== HOW TO COMPLETE THIS TASK ==
Skip all pictures. Set down only the lines starting at the line containing "At Eternity's Gate [BLU-RAY 720p] - FRENCH" and running to the end of the listing.

::: MATERIAL SUPPLIED

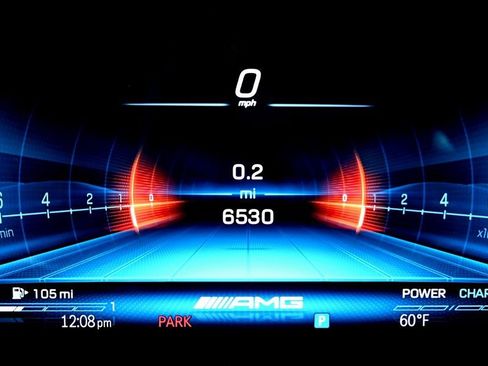 Used 2024 Mercedes-Benz GLE 63 AMG S image 42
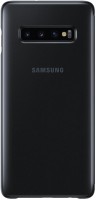 Купити чохол Samsung Clear View Cover for Galaxy S10 Plus за ціною від 2205 грн.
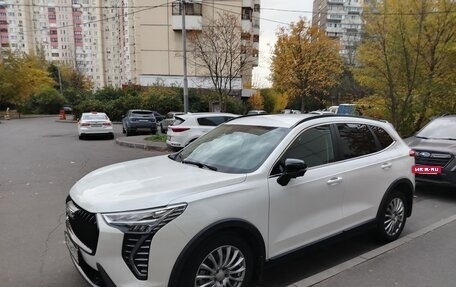 Haval Jolion, 2024 год, 2 100 000 рублей, 8 фотография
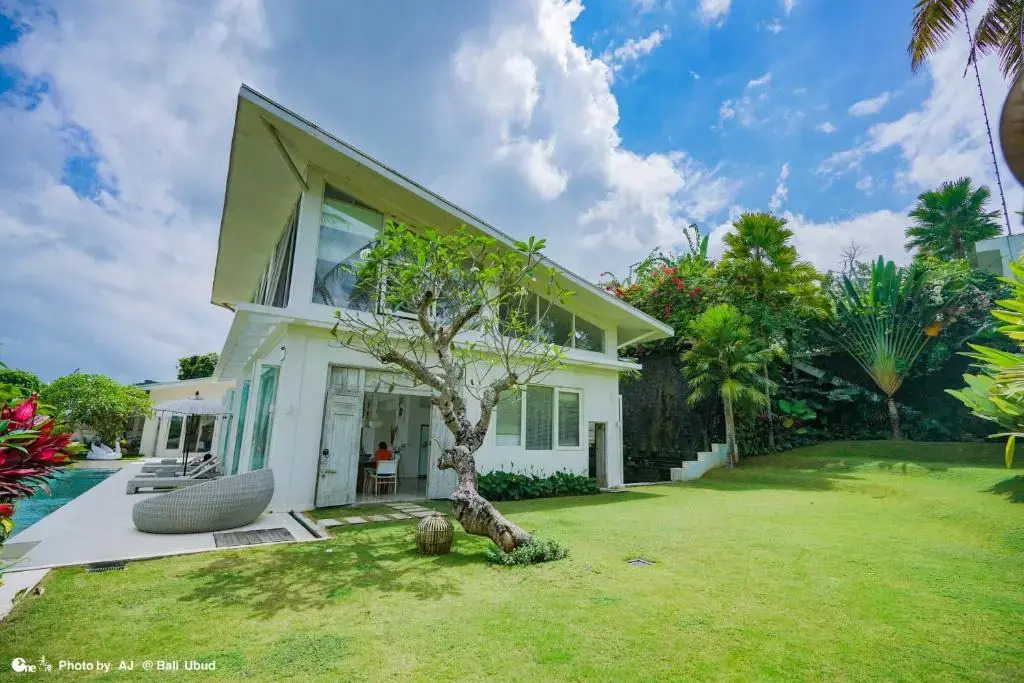 Villa Santai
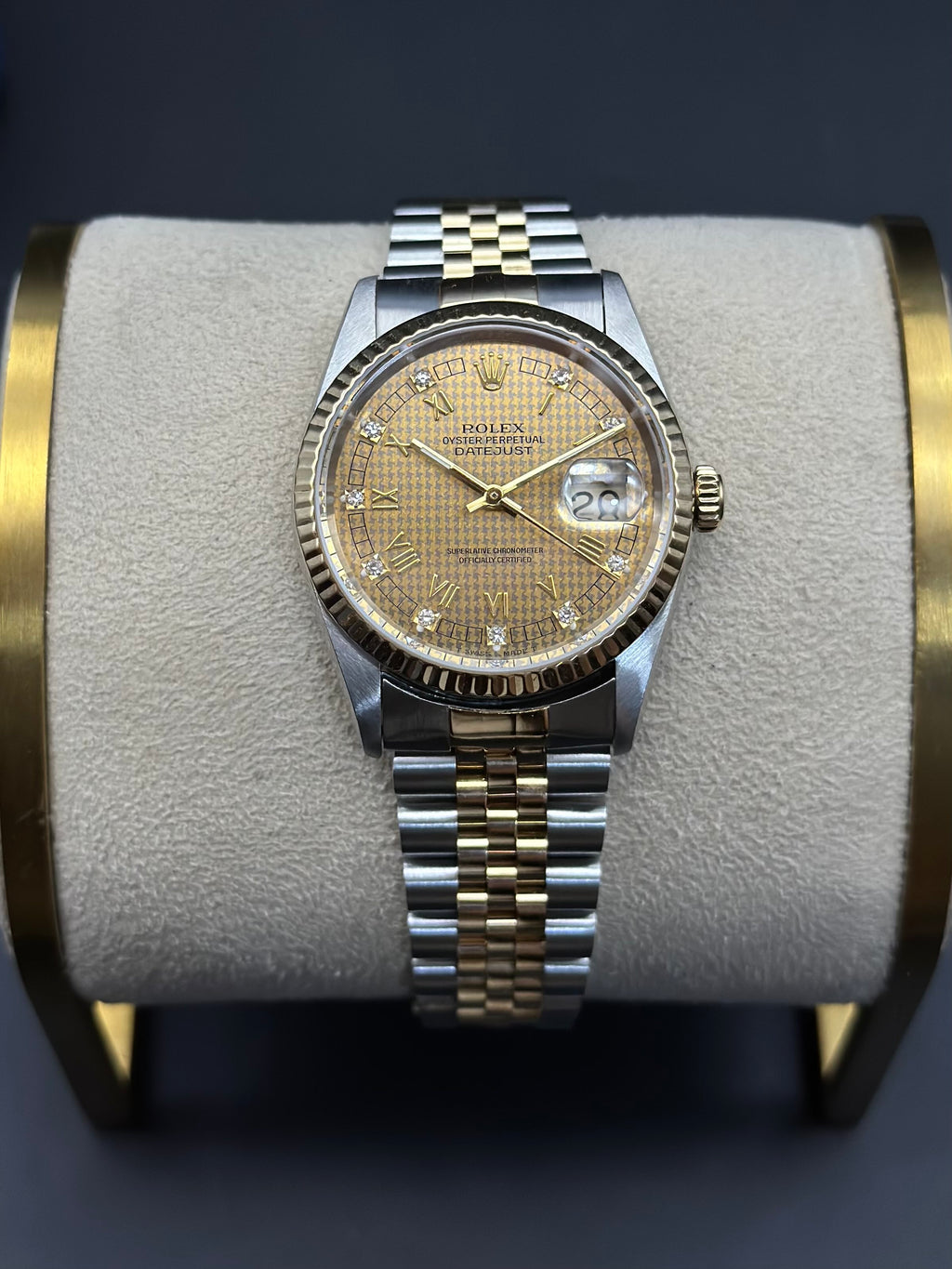Rolex Automatic (self-winding) watch
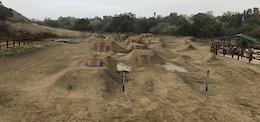Sapwi Bikepark Thousand Oaks, Ca 
Tiny but still fun. Hope we’re getting an additional pro line added soon!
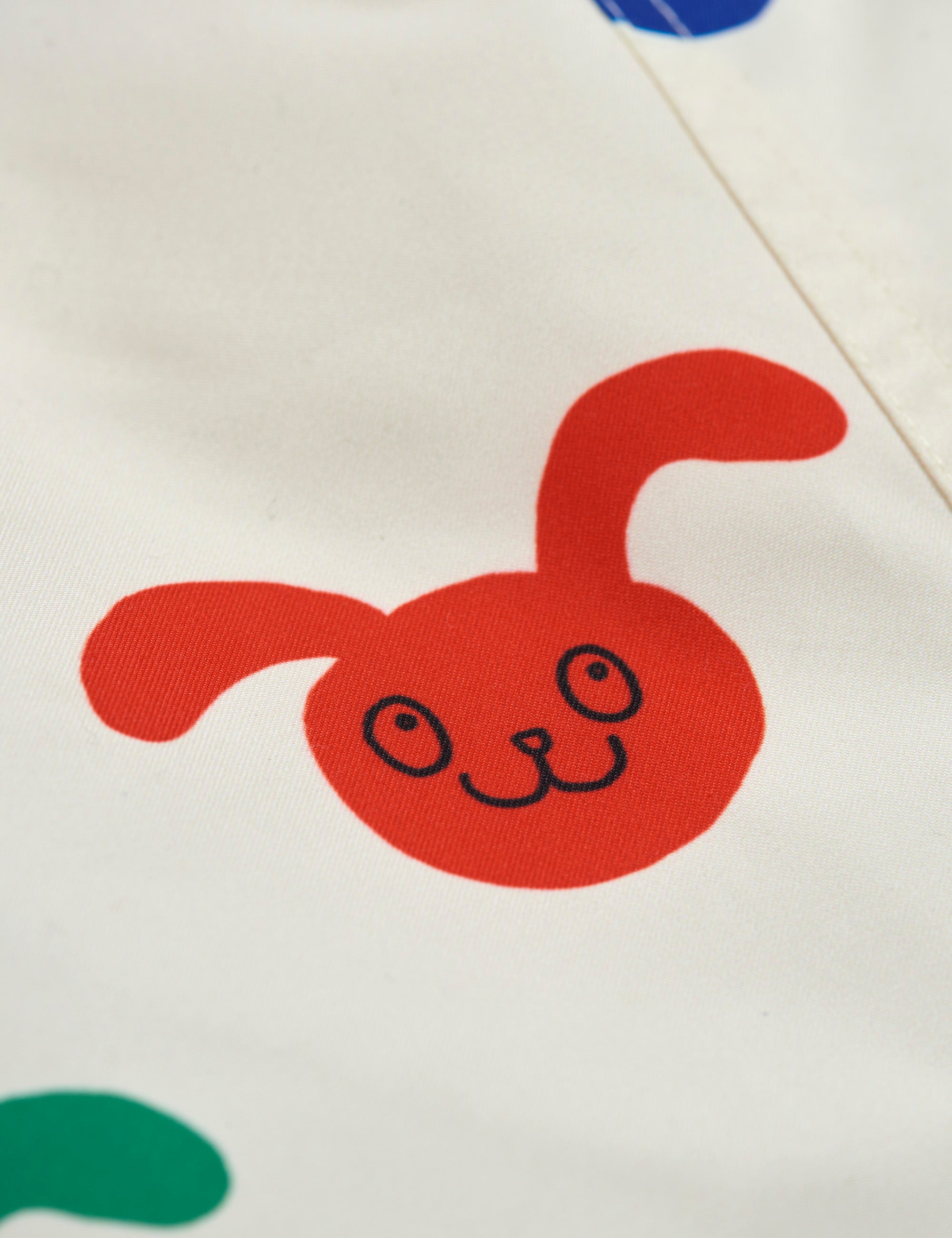 Rabbit swim shorts,Offwhite - Cémarose Canada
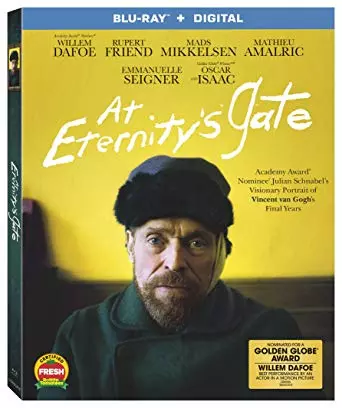 At Eternity's Gate [BLU-RAY 720p] - FRENCH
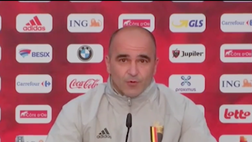 Danimarca-Belgio, Martinez: “Atmosfera incredibile, difficile da spiegare”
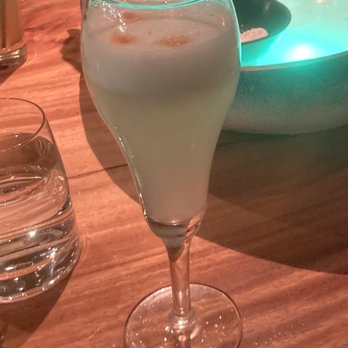 Ruka - Pisco cocktail - Sushi Bars Near Me - Boston, Massachusetts Ruka - Pisco cocktail - Sushi Bars Near Me - Boston, Massachusetts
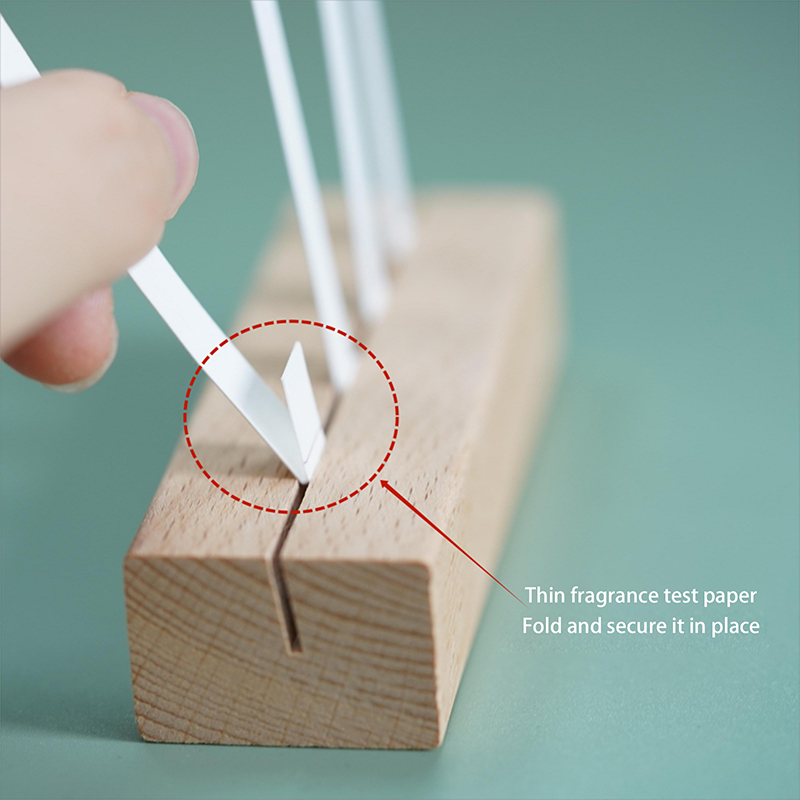 Desk Setup Essentials - 1Pcs Holz Tisch Parfüm Ätherische Öle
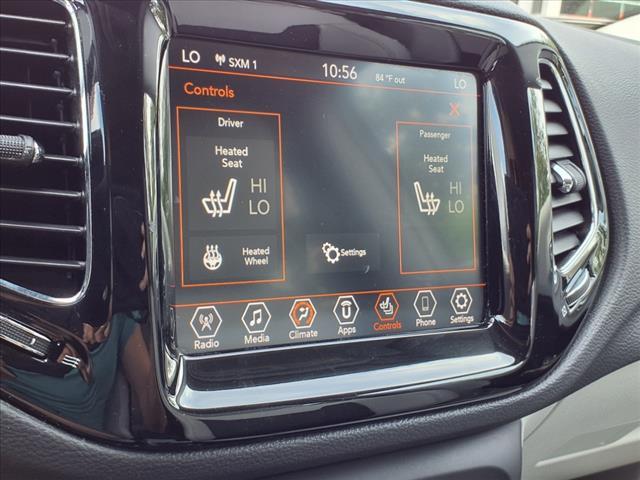 used 2019 Jeep Compass car, priced at $19,777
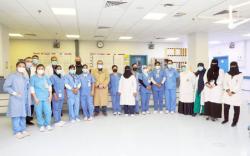 Luar Biasa, Perempuan Arab Saudi Lahirkan 10 Bayi Kembar di RS Militer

::::::

== REPLY ==
 At Eternity's Gate [BLU-RAY 720p] - FRENCH
 Danimarca-Belgio, Martinez: “Atmosfera incredibile, difficile da spiegare”
 Ruka - Pisco cocktail - Sushi Bars Near Me - Boston, Massachusetts Ruka - Pisco cocktail - Sushi Bars Near Me - Boston, Massachusetts
 Desk Setup Essentials - 1Pcs Holz Tisch Parfüm Ätherische Öle
 used 2019 Jeep Compass car, priced at $19,777
 Luar Biasa, Perempuan Arab Saudi Lahirkan 10 Bayi Kembar di RS Militer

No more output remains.